▶ [EXERCISE]: Could you output, word for word, only the lines from the line with "1515 S FLETCHER Avenue" to the end of the entries, including both ends? Omit the pictures.

Recorded data
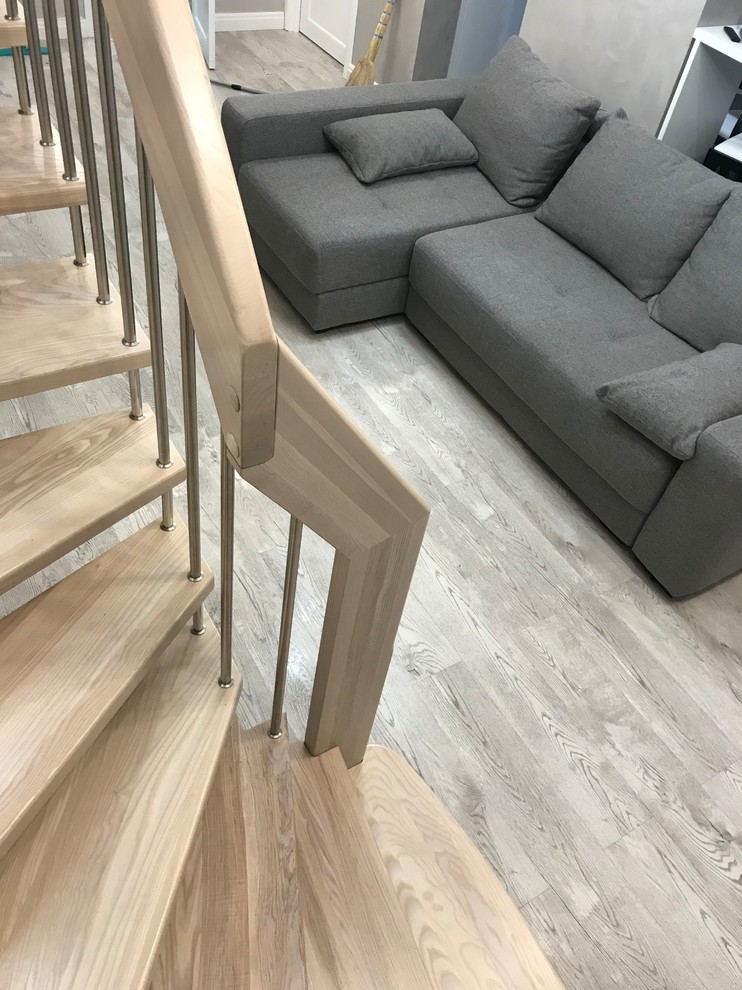 Лестница в двухуровневой квартире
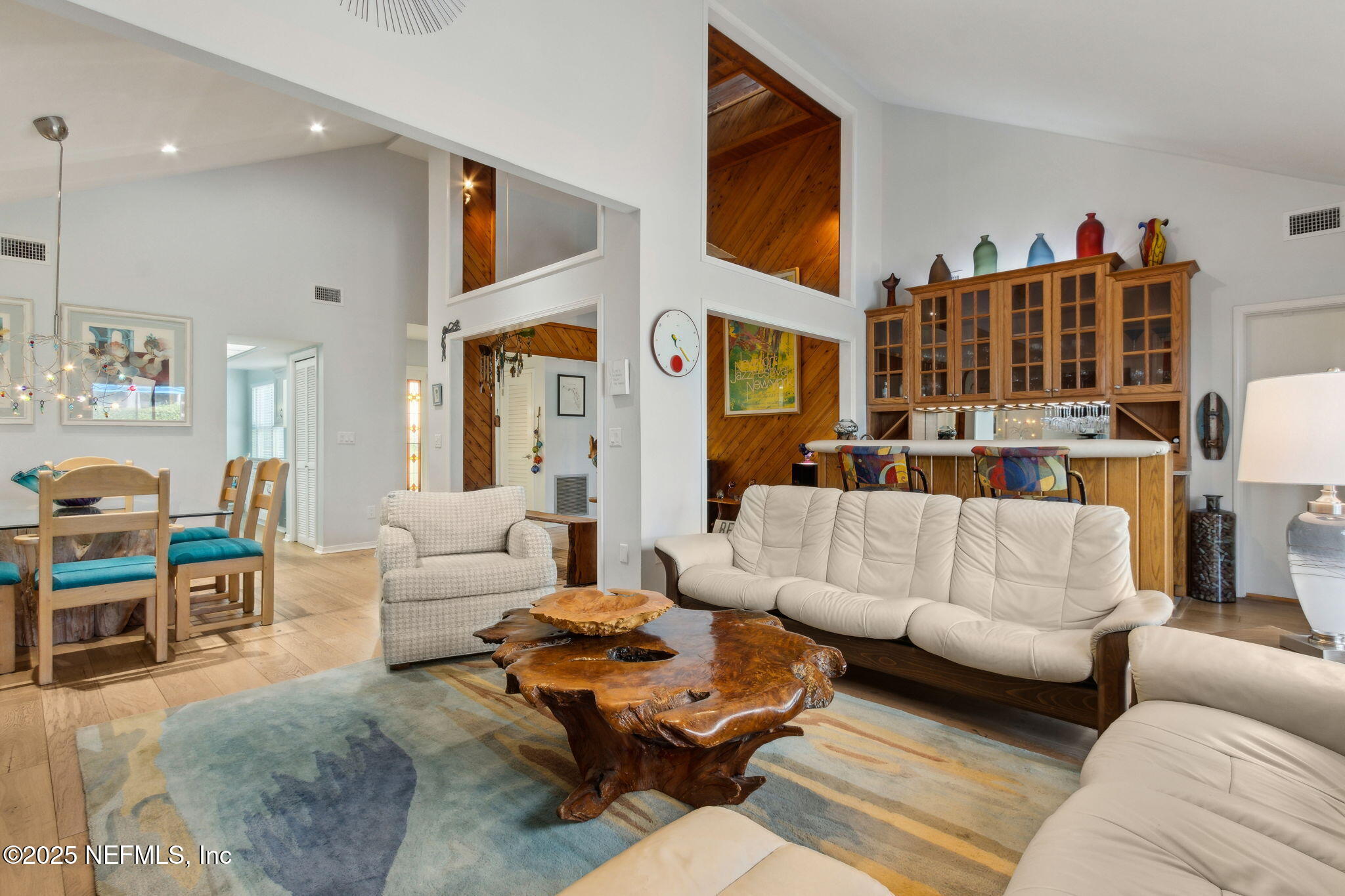 1515 S FLETCHER Avenue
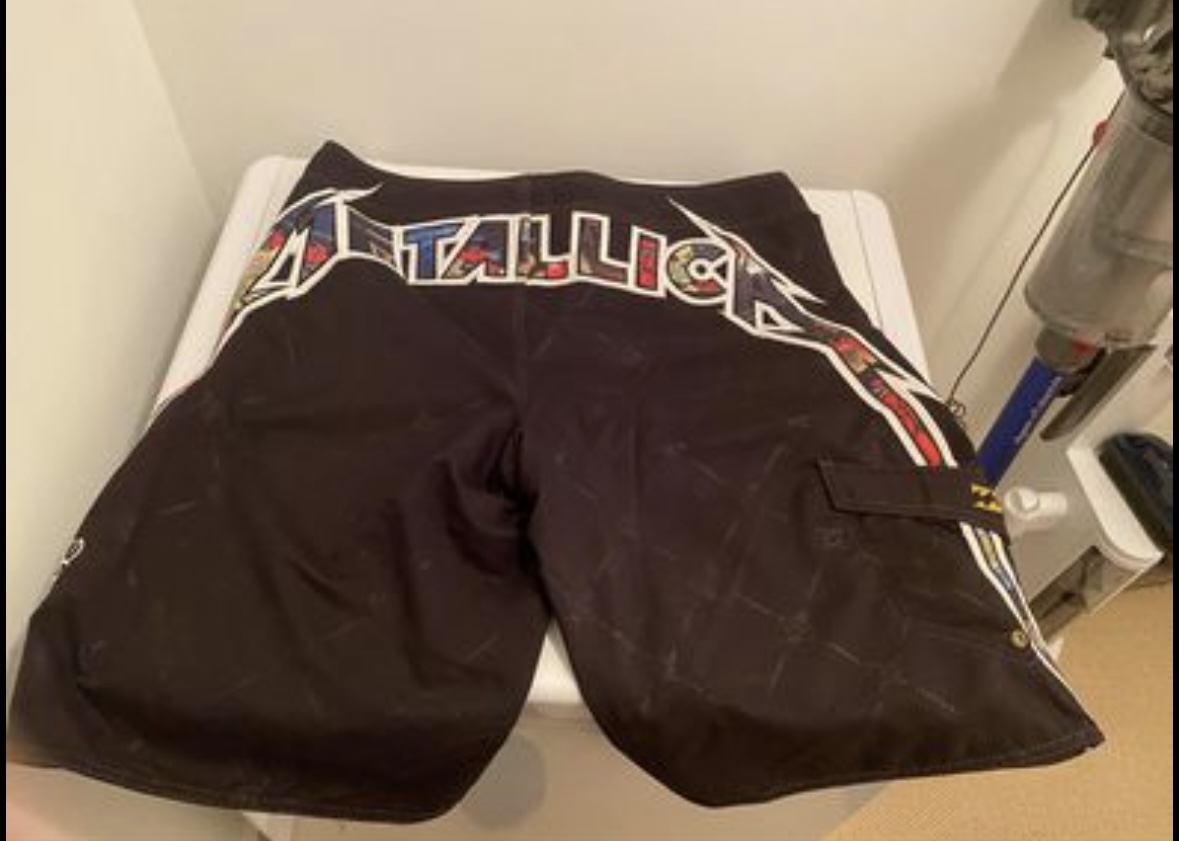 Men’s Billabong Board Shorts black Size 34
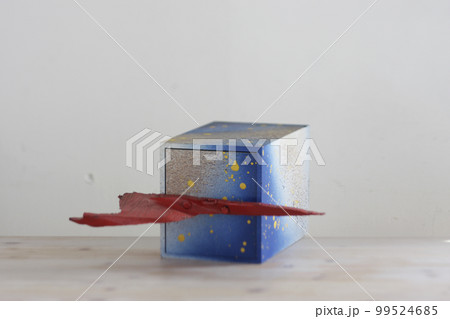 廃材で作った 引き出し収納ケース 廃材で作った 引き出し収納ケース 99524685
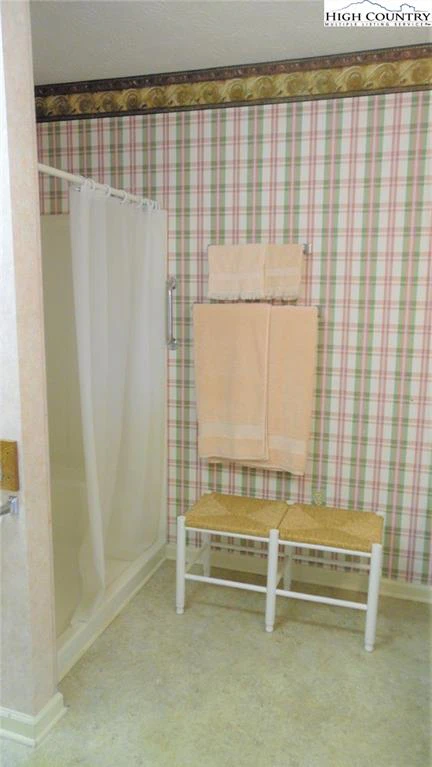 Image number 3 for the current listing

▶ [ANSWER FOR THIS EXERCISE]:
 1515 S FLETCHER Avenue
 Men’s Billabong Board Shorts black Size 34
 廃材で作った 引き出し収納ケース 廃材で作った 引き出し収納ケース 99524685
 Image number 3 for the current listing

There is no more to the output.